What to do
Output only the lines from the start of the entries through the line holding "Dos voluntarias ayudan". Each line must match the original exactly.

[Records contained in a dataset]
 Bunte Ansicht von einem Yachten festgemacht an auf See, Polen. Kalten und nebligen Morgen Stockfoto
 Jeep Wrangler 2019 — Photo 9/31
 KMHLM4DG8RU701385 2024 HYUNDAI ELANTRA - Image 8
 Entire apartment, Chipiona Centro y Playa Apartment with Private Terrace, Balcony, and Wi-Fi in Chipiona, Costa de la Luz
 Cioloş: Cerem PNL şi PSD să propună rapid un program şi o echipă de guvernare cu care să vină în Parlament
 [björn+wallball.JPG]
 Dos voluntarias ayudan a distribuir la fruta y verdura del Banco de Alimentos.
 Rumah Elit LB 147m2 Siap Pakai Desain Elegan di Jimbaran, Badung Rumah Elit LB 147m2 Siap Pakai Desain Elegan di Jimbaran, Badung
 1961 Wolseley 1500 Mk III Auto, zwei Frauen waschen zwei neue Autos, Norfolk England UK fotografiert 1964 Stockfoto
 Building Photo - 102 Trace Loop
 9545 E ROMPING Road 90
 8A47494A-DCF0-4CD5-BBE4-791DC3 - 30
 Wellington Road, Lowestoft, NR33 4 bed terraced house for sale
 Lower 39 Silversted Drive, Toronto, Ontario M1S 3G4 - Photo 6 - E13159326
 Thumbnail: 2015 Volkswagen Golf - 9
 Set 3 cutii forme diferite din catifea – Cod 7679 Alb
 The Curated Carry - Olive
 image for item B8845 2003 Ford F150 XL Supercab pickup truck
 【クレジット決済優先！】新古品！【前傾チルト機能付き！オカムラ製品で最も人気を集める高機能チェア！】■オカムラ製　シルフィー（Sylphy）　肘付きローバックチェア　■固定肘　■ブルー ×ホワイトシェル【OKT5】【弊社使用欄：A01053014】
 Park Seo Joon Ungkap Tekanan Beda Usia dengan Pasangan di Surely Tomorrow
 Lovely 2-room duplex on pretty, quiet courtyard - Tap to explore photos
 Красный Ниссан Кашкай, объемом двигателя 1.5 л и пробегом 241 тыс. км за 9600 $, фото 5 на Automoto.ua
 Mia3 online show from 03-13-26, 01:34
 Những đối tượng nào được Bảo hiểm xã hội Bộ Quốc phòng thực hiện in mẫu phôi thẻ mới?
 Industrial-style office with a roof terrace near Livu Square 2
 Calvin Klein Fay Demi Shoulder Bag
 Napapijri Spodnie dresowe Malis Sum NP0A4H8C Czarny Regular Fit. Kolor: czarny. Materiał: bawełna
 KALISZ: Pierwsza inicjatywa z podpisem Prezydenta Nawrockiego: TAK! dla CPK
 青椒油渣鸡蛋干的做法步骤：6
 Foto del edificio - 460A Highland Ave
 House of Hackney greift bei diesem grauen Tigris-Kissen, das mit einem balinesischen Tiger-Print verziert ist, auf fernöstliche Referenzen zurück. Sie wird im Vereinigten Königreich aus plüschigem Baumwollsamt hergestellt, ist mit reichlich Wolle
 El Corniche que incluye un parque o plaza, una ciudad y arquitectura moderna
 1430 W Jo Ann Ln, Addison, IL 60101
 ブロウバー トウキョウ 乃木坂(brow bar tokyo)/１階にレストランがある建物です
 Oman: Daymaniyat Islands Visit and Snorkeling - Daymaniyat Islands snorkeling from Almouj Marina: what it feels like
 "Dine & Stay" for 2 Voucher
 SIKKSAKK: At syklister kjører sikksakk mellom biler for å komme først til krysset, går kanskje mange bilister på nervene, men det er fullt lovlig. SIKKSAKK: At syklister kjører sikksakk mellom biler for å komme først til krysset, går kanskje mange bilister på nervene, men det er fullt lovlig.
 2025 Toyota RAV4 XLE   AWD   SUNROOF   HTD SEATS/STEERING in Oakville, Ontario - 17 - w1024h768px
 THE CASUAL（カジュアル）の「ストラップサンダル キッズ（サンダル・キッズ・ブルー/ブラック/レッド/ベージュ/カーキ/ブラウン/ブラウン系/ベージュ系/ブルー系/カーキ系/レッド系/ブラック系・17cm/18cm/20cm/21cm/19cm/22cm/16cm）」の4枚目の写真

Solution to the exercise
 Bunte Ansicht von einem Yachten festgemacht an auf See, Polen. Kalten und nebligen Morgen Stockfoto
 Jeep Wrangler 2019 — Photo 9/31
 KMHLM4DG8RU701385 2024 HYUNDAI ELANTRA - Image 8
 Entire apartment, Chipiona Centro y Playa Apartment with Private Terrace, Balcony, and Wi-Fi in Chipiona, Costa de la Luz
 Cioloş: Cerem PNL şi PSD să propună rapid un program şi o echipă de guvernare cu care să vină în Parlament
 [björn+wallball.JPG]
 Dos voluntarias ayudan a distribuir la fruta y verdura del Banco de Alimentos.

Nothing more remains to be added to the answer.